Most of the positions cut were non-billable -- administrative, office management and financial positions. There were some cuts among junior personnel in the firm's Internet, design and consulting units as well.
"It was just basically based on the economy going down, and it was very heavily skewed toward non-billable people," said company founder Alan Siegel. "It hasn't hurt our capabilities at all -- we still have our core staff. We've always kind of operated with a good core group, and we've always had high margins. We were just scaled to a higher level of revenue, and so we let the support staff go."
The layoffs are the second for Siegelgale, which, like many in the battered online consulting space, have been forced to slim down as revenues become scarcer. In December, the company cut about 7 percent of its workforce. The firm's chief marketing officer, Andrew Zolli, also left at the time.

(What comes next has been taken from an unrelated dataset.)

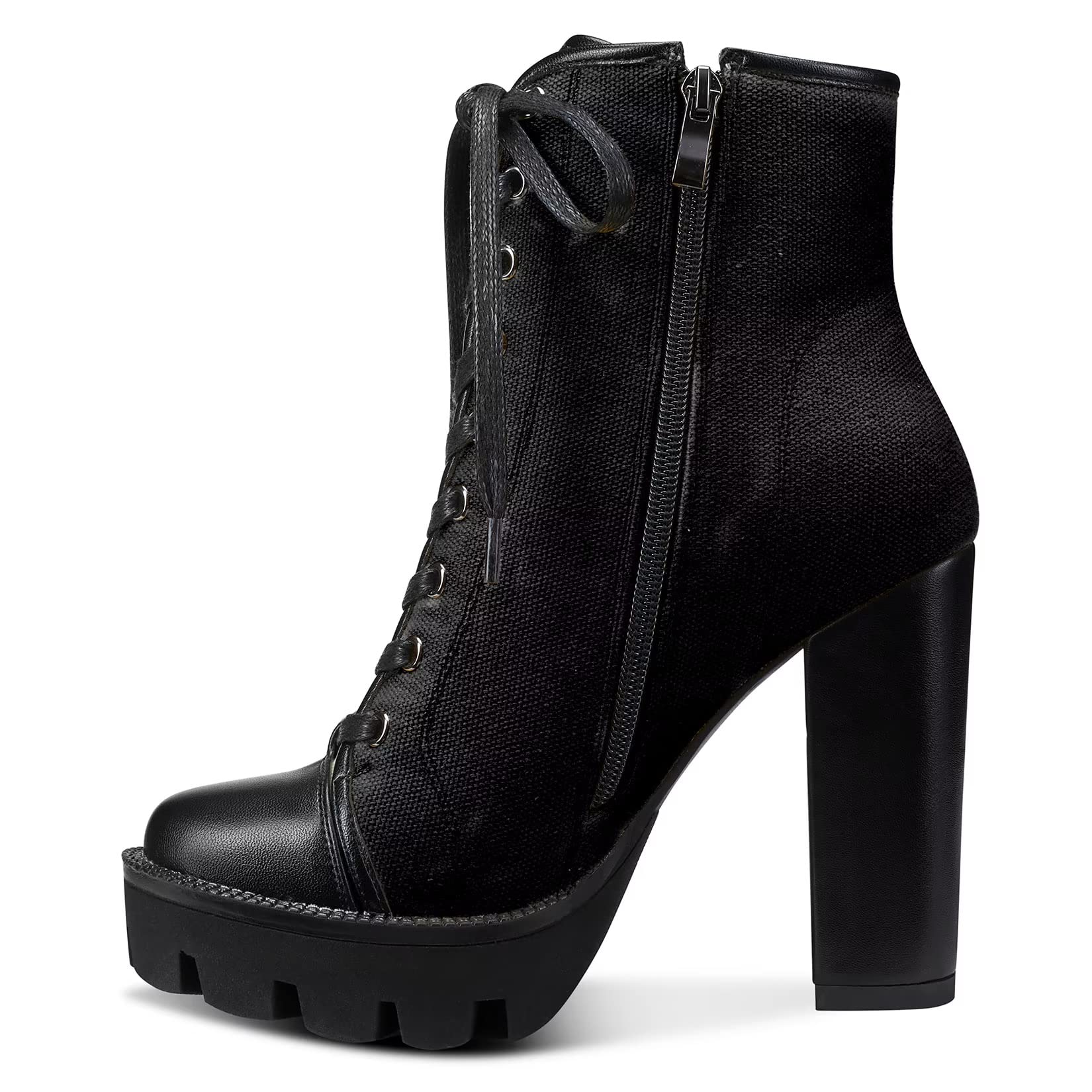 NobleOnly Mujer Alto High Heel Plataforma Redonda Punta Botines Cremallera Cordones Montar Botas Clásico Fiesta Oficina 13 CM Heels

However, while newer interactive shops like Organic and Razorfish are laying off, there's still no need for concern about his company, according to Siegel, who's also the firm's chairman and chief executive.
"We've been in business for 30 years ... and we have some large clients," he said. "We've been growing 40 to 50 percent over the past two, two-and-a-half years, and it slowed down. And these people got caught in the downdraft, and I feel terrible about it. It's a lousy time."
Microsoft, HP Settle with FTC
The U.S. Federal Trade Commission agreed to a settlement with Redmond, Wash.-based software giant Microsoft this week, in the matter of what the government agency alleged were misleading ads for its PocketPC operating system.
The ads, which were launched in conjunction with Hewlett-Packard, promoted devices using the PocketPC OS. The FTC objected to Microsoft's use of the word "anytime" to describe the devices' wireless messaging applications -- and a very fine-print disclosure that users must purchase a modem to access those features.
Through the settlement, Microsoft and HP admitted no wrongdoing but agreed in future ads for PocketPC-based PDAs to more clearly and conspicuously disclose whether any add-on products would be needed.
Beyond the settlement, HP and Microsoft also offered to disseminate consumer education materials about PDAs, designed to caution consumers that the devices don't necessarily come with wireless access.
To that end, both companies will post "Helpful Facts About Personal Digital Assistants" on their Web sites, which disclose the need for modems to access the Internet from most PDAs. HP also will include references to the site in print ads for its Jordana PDA, and it will e-mail the site's copy to major consumer electronics retailers and encourage them to place it on their own Web sites.
In addition to including references to the "Helpful Facts" site in its print advertising for a year, Microsoft said it would run a similarly themed essay in a quarter-page ad in eight major national dailies, including the New York Times and the Washington Post. The essay, entitled "Personal Digital Assistants are Personal," will discuss the capabilities and limitations of PDAs -- including the need for an add-on modem to provide PDAs with wireless Internet access -- and will refer users to the "Helpful Facts" essay.
Forbes.com Taps Zebus for Rich Media Ads
Rich media startup Zebus has the first taker for its rich media ad technology: the online component of Forbes Magazine.
As a result of the agreement, of which terms were not disclosed, Forbes.com will offer advertisers the opportunity to use the firm's ad format. The Woodbridge, NJ-based company's technology allows streaming, TV-style commercials over the Web -- at framerates that Zebus says remain high even on dialup connections.
Forbes.com did not disclose where on its site it would be offering ads based on Zebus' technology, though it offers banners, "tower" ads, buttons and pop-ups to advertisers.
Through the deal, Zebus potentially gains access to Forbes.com's roster of traditional brand advertisers -- while Forbes.com could benefit from pitching a way that clients could repurpose their existing TV creatives for Web use.
In addition to rich media banners, Zebus also makes a product that allows for streaming ad insertion.